CuTe's TiledCopy bundles all three decisions into one declarative object:

Piece	What it controls	From Tutorial...
`Copy_Atom`	What each thread can carry in one trip (the dolly)	03
`thr_layout`	Where each thread stands on the tile (their grid position)	02
`val_layout`	How many values each thread handles per trip	New

You declare these once. CuTe generates the partitioning, the vectorization, and the thread-to-element mapping automatically.

B200 Note: On Hopper/Blackwell, TiledCopy is also the container for TMA and cp.async atoms.
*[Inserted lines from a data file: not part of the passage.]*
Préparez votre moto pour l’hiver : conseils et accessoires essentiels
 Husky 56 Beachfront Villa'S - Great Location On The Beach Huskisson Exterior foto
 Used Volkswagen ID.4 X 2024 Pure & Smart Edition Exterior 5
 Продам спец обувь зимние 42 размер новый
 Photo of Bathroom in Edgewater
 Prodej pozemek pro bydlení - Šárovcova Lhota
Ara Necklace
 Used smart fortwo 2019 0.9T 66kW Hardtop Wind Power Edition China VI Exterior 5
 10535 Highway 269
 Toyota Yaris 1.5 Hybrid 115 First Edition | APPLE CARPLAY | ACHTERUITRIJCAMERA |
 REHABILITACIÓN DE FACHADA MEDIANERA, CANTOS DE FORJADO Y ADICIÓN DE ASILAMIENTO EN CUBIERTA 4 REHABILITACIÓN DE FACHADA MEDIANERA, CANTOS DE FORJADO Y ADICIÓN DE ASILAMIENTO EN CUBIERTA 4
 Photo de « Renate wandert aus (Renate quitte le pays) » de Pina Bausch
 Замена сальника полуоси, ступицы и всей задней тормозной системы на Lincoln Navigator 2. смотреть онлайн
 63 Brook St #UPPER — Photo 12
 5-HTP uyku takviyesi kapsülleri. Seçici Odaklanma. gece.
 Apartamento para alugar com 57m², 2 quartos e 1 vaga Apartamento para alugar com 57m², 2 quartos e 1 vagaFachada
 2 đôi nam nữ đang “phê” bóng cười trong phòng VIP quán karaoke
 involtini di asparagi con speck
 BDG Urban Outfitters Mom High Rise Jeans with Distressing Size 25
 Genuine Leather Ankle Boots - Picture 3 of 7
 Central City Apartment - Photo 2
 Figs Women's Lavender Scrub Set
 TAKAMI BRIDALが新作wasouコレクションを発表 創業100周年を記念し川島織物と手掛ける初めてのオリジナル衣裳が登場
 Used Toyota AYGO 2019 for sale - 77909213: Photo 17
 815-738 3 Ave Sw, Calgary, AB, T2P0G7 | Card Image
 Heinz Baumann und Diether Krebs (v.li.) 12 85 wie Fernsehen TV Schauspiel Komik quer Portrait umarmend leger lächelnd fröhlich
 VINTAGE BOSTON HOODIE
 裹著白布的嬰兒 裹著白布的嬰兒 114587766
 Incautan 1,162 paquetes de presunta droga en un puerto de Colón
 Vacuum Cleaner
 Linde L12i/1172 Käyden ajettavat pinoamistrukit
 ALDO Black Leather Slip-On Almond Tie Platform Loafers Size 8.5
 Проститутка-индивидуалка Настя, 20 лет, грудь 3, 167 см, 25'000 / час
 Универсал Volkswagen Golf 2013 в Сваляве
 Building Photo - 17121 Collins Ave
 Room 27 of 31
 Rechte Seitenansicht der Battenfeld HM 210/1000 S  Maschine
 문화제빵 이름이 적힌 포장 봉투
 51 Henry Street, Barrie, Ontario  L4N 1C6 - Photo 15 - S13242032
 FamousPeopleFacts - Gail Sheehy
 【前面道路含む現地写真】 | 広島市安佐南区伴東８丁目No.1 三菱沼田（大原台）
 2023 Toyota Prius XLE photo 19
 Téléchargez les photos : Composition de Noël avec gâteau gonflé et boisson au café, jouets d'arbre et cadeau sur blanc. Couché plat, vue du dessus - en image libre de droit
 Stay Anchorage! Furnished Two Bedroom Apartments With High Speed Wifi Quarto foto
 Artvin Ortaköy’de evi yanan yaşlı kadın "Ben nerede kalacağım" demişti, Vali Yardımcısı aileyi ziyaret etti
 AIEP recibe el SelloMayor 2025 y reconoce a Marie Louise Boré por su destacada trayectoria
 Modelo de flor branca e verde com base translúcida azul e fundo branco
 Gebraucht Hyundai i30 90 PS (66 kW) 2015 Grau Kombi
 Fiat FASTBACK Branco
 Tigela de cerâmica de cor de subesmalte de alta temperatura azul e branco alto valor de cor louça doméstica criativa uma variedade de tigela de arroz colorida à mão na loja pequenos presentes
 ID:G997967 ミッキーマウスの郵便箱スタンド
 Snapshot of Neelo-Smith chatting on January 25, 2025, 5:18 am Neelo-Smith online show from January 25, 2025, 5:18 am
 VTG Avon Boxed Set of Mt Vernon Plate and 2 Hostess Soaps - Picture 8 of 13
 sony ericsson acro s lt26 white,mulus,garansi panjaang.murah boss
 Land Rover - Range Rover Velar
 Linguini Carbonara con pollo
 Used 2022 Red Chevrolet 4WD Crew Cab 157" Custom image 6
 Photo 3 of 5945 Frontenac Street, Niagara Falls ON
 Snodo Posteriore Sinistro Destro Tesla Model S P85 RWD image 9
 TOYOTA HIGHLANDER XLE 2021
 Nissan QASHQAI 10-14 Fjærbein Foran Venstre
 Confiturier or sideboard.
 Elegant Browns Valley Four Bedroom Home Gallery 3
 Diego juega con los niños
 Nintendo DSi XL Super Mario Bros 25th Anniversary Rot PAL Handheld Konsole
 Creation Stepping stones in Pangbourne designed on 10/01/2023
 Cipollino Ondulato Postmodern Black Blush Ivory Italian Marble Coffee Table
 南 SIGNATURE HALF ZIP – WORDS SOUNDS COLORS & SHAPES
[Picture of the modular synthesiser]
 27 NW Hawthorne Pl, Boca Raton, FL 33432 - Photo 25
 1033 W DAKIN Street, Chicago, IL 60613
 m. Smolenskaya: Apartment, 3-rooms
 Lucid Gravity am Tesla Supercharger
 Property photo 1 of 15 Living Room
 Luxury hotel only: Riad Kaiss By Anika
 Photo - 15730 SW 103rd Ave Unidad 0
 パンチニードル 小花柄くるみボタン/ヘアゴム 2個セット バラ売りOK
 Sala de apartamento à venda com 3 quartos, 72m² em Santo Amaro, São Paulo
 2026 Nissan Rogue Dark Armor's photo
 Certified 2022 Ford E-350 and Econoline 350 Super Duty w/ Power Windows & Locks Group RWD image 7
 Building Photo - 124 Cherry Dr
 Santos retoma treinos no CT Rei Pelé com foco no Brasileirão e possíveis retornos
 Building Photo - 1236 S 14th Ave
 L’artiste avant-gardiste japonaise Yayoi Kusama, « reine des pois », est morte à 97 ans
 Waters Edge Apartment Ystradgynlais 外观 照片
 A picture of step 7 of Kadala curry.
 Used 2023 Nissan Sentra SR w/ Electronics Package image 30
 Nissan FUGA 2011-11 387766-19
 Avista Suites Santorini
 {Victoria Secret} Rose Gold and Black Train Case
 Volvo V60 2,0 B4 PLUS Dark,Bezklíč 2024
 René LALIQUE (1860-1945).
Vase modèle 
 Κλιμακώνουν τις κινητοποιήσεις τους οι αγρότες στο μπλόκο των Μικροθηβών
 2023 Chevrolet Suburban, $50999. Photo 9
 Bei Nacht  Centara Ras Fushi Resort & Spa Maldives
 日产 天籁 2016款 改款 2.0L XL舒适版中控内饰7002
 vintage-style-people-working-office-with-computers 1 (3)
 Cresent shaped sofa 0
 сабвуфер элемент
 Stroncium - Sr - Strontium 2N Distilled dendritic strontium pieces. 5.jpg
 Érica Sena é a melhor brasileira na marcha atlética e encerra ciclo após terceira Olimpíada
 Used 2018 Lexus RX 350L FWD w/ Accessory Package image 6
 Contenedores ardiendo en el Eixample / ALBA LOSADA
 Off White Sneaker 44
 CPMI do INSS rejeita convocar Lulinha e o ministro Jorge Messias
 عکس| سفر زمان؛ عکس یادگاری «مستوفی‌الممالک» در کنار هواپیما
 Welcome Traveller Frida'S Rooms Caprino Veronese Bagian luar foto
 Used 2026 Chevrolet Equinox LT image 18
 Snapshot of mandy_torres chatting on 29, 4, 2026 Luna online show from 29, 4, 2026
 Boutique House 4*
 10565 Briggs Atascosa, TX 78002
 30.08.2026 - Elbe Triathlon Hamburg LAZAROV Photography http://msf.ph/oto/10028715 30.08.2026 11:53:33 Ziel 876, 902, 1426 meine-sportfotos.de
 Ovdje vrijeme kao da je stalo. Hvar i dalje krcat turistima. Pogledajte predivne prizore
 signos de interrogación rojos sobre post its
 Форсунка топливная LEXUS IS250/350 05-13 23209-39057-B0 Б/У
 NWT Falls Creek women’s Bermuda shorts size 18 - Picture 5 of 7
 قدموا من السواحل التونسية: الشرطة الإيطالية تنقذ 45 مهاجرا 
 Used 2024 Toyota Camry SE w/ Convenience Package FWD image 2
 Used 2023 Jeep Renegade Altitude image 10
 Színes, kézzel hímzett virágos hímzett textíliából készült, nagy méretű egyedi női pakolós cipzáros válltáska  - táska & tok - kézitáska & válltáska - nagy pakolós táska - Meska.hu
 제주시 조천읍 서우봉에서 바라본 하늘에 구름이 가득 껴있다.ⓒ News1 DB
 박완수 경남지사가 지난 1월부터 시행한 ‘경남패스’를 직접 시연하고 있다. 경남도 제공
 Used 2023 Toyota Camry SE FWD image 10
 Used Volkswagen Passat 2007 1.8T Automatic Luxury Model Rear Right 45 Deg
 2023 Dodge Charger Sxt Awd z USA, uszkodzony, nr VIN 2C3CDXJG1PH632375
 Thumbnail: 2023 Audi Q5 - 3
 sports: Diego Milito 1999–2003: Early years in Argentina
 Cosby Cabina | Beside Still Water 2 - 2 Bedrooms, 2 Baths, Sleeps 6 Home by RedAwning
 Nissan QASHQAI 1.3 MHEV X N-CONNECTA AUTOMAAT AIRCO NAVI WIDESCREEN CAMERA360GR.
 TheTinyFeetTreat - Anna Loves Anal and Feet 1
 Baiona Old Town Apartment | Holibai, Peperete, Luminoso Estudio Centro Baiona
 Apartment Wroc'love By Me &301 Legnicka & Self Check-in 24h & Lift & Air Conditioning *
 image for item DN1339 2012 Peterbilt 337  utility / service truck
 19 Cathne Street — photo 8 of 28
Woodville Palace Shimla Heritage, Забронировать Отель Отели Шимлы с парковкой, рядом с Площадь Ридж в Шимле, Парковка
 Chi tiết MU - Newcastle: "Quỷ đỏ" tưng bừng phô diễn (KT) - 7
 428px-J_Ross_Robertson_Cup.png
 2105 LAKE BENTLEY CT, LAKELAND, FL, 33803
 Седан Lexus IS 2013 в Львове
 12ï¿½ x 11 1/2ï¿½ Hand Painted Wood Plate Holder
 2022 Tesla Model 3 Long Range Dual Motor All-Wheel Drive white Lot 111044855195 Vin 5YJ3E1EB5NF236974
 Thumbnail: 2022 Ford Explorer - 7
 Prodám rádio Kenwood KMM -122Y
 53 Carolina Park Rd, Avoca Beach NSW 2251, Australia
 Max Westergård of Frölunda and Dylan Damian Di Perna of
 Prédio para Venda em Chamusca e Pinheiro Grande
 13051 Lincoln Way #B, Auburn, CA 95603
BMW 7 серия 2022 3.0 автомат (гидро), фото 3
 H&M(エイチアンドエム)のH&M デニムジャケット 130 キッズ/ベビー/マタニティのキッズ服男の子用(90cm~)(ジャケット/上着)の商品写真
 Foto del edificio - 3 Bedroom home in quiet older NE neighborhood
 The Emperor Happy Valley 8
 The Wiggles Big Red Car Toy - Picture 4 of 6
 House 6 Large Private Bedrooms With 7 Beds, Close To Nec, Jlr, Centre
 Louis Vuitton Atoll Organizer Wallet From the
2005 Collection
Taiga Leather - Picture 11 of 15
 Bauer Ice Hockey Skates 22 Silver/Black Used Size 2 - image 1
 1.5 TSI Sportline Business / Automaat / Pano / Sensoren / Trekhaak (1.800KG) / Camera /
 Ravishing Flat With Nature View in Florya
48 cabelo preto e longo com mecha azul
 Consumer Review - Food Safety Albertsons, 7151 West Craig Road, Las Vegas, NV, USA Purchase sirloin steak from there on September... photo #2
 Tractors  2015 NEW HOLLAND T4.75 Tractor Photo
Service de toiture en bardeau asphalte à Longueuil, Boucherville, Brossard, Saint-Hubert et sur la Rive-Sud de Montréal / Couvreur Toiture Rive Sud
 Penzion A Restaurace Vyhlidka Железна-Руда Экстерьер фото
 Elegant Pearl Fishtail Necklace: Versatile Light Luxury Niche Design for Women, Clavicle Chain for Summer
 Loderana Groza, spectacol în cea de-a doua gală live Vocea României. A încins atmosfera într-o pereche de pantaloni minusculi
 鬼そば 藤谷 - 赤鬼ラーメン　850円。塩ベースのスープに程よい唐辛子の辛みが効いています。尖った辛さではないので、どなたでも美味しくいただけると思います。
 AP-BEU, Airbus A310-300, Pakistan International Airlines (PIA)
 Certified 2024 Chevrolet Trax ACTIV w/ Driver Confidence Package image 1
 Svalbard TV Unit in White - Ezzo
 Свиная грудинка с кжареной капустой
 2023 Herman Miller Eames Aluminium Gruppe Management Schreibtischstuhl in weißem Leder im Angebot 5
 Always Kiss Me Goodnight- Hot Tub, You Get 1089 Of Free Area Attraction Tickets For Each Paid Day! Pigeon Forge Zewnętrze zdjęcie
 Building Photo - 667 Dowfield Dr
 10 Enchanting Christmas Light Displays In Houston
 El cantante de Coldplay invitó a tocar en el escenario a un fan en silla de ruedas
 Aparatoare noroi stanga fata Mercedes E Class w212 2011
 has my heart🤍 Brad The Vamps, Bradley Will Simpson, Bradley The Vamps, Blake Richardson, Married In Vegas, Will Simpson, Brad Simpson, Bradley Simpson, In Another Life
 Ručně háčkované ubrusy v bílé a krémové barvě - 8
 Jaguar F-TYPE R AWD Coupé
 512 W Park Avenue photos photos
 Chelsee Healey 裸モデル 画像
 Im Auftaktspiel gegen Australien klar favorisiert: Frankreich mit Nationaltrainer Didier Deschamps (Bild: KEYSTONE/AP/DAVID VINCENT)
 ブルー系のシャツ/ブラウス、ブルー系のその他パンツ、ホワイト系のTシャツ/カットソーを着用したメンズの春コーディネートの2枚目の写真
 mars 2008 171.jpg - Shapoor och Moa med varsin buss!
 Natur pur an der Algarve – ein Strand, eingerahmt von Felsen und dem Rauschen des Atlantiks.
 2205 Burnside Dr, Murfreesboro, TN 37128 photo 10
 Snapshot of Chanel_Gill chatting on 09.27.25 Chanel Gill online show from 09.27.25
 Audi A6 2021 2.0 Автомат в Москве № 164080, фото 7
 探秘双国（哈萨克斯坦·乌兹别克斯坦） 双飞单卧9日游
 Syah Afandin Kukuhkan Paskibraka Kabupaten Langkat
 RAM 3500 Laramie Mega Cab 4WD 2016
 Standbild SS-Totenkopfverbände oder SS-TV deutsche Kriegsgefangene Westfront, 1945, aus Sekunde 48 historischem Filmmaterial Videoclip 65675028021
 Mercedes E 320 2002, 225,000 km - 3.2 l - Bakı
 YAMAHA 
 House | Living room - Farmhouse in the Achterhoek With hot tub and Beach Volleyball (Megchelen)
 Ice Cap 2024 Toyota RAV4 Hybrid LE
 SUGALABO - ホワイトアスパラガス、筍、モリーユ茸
The thr_layout/val_layout mechanism is identical ; only the Copy_Atom changes. Master this pattern now and TMA (Tutorial 08) becomes a one-line swap.

2. The Mental Model (The Visual)

Imagine you have a 16×8 tile to copy and 32 threads (one warp). You need to answer three questions:

What tool does each thread use? → Copy_Atom with UniversalCopy<uint128_t> ; each thread moves 128 bits (4 floats) per load instruction. This is the dolly from Tutorial 03.
How are threads arranged? → thr_layout = (4, 8) ; 4 rows of threads, 8 columns.
How many extra values per thread? → val_layout = (1, 1) ; the atom's 4 floats are enough; no extra tiling needed.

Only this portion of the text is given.